Systems Theory


The Systems Approach

The term "systems" is derived from the Greek word "synistanai," which means "to bring together or combine." The term has been used for centuries. Components of the organizational concepts referred to as the "systems approach" have been used to manage armies and governments for millennia. However, it was not until the Industrial Revolution of the 19th and 20th centuries that formal recognition of the "systems" approach to management, philosophy, and science emerged (Whitehead 1925, von Bertalanffy 1968). As the level of precision and efficiency demanded of technology, science, and management increased the complexity of industrial processes, it became increasingly necessary to develop a conceptual basis to avoid being overwhelmed by complexity. The systems approach emerged as scientists and philosophers identified common themes in the approach to managing and organizing complex systems. Four major concepts underlie the systems approach:


What is a system?

The systems approach considers two basic components: elements and processes. ELEMENTS are measurable things that can be linked together. They are also called objects, events, patterns, or structures. PROCESSES change elements from one form to another. They may also be called activities, relations, or functions. In a system the elements or processes are grouped in order to reduce the complexity of the system for conceptual or applied purposes. Depending on the system's design, groups and the interfaces between groups can be either elements or processes. Because elements or processes are grouped, there is variation within each group. Understanding the nature of this variation is central to the application of systems theory to problem-solving.


Ecosystems are composed of elements and processes. (These are usually referred to as ecosystem structures and functions or the patterns and processes of an ecosystem.) As an example, the elements of a forest ecosystem might include trees, shrubs, herbs, birds, and insects, while the processes might include growth, mortality, decomposition, and disturbances.


Open vs Closed Systems

Some systems are open with respect to certain elements or processes (e.g., figure to the right). The elements or processes can flow into or out of the system. For example, an automobile engine is "open" with respect to gasoline--gasoline flows in and exhaust (oxidized gasoline) flows out.  


Other systems are closed with respect to certain elements or processes (e.g., figure to the right). The elements or processes do not leave the system. For example, an automobile engine is largely "closed" with respect to lubricating oil--the oil does not leave the engine.

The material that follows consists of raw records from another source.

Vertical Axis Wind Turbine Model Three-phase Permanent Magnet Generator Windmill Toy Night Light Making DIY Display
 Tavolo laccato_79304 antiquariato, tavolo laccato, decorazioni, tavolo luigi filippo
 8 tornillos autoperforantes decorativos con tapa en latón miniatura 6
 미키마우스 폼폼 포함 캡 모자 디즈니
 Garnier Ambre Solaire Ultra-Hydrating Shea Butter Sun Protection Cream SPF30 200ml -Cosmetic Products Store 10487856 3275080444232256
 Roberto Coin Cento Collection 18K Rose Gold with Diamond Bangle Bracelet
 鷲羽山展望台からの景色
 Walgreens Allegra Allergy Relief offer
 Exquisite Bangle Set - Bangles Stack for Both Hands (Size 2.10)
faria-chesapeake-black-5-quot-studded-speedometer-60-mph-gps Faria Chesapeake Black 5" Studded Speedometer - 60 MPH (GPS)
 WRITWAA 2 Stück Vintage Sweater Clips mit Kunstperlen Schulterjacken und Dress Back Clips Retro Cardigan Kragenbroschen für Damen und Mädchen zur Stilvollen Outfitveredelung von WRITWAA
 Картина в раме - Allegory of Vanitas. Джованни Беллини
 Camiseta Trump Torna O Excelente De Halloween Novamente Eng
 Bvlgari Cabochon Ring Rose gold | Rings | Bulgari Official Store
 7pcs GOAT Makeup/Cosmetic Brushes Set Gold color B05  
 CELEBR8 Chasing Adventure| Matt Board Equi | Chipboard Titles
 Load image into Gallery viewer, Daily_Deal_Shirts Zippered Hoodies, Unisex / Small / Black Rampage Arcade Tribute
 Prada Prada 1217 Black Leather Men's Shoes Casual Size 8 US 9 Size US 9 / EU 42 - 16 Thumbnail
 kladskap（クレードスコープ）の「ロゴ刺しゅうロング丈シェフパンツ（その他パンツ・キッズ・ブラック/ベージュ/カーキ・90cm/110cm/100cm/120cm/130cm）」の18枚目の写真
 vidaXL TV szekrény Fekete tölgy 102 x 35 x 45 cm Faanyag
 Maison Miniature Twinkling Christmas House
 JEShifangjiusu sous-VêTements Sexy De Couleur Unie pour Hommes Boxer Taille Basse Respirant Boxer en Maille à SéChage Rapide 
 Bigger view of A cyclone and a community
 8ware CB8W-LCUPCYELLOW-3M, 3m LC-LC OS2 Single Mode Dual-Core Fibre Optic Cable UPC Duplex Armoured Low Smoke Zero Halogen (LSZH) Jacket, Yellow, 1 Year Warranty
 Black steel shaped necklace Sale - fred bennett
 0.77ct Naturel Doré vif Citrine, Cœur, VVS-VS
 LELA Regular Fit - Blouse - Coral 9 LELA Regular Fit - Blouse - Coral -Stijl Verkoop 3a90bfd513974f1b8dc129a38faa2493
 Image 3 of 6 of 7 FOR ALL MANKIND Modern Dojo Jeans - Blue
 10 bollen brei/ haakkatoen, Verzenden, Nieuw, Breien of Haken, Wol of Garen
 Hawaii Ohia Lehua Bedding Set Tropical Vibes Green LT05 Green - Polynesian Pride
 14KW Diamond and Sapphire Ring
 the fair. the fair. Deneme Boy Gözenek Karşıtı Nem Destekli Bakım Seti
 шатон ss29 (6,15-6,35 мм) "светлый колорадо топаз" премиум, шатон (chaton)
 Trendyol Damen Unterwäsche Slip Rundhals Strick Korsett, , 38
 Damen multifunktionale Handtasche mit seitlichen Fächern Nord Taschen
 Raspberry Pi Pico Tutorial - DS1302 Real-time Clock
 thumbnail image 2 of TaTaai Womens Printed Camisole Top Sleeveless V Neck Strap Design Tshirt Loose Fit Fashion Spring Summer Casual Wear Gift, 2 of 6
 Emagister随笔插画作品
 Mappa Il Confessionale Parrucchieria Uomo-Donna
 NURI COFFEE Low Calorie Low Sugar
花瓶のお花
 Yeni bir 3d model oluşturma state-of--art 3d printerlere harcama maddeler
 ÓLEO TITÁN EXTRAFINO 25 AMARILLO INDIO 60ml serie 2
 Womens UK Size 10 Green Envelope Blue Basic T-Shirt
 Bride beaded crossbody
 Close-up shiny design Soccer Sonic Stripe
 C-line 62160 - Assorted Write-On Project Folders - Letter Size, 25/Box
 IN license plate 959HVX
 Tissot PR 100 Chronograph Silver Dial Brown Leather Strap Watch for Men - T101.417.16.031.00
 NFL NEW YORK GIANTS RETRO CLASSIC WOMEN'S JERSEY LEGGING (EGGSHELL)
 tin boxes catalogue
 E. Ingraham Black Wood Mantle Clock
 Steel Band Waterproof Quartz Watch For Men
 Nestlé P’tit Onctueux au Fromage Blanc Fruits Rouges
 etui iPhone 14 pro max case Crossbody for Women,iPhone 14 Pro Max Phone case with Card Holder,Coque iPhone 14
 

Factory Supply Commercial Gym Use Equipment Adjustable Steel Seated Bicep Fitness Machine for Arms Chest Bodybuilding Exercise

Ecological systems are open systems with respect to most elements and processes. They receive energy and nutrient inputs from their physical environment and, at the same time, cycle nutrients back out of the system. They are also open to outside influences such as disturbances (e.g., hurricanes, ice storms, fires, insect outbreaks).



Most systems contain nested systems; that is, subsystems within the system. Similarly, many systems are subsystems of larger systems.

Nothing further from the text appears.